* RECORD SET
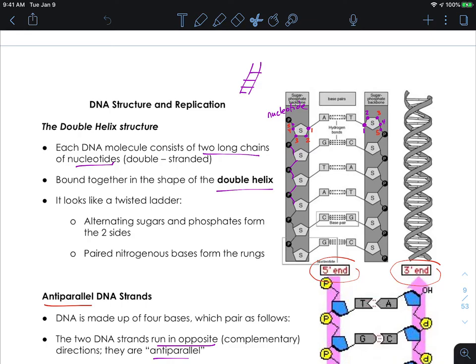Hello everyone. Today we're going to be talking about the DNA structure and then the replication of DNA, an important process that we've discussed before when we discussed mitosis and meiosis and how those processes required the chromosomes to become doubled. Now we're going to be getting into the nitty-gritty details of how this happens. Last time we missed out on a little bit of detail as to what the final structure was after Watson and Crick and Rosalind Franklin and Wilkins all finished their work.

==

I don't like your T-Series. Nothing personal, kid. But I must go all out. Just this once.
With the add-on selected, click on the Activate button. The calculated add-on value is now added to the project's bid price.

* TASK INSTRUCTIONS
Your task is to transcribe, with no changes, only the lines of the listing above that lie between the line holding "I don't like" and the line holding "With the add-on", inclusive.

* RESPONSE
I don't like your T-Series. Nothing personal, kid. But I must go all out. Just this once.
With the add-on selected, click on the Activate button. The calculated add-on value is now added to the project's bid price.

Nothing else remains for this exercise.